BPJS
Aku mencintai dunia seperlunya,
seperti perlunya seorang teman yang ingin silaturahmi tak terputus dengan minjam seratus,
seperlunya berteman, seperlunya berkawan
Aku mengejar dunia juga secukupnya,
seperti menambahkan MSG pada mangkuk cuanki atau menambahkan sambal pada mangkuk mie
Aku mengejar dunia sekenanya, karena jika usahaku yang terlalu dominan, dampaknya akan bertepuk sebelah tangan,
Aku lelah mengkhawatirkan BPJSku belum terbayar, padahal hari ini aku sehat walafiat namun aku khawatir besok aku sakit hingga sekarat,
bukankah hingga hari ini aku masih diberi sehat?

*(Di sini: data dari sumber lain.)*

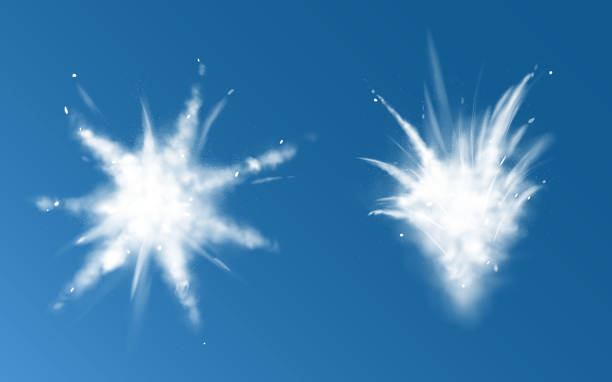 ilustraciones, imágenes clip art, dibujos animados e iconos de stock de polvo de nieve blanco explosión set superior y vista lateral - snowball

aku lelah khawatir, terus memaksa otakku berpikir, dan aku sedih tak berakhir,
Mengapa aku selalu takut, kalut, lalu mukaku kusut
setiap kali dihadapkan pada pikiran masa depan?
Bukankah — sekali lagi — bukankah, selama ini hidup kita sudah benar-benar baik-baik saja karena dijamin Tuhan?
Aku lelah selalu berharap-harap pada kebaikan manusia, cinta manusia, ekspektasi pada diri sendiri yang terlalu tinggi, hingga lupa kalau diri merasa baik-baik saja selama ini
Bukankah pikiran kita saja yang membuat itu menjadi kacau?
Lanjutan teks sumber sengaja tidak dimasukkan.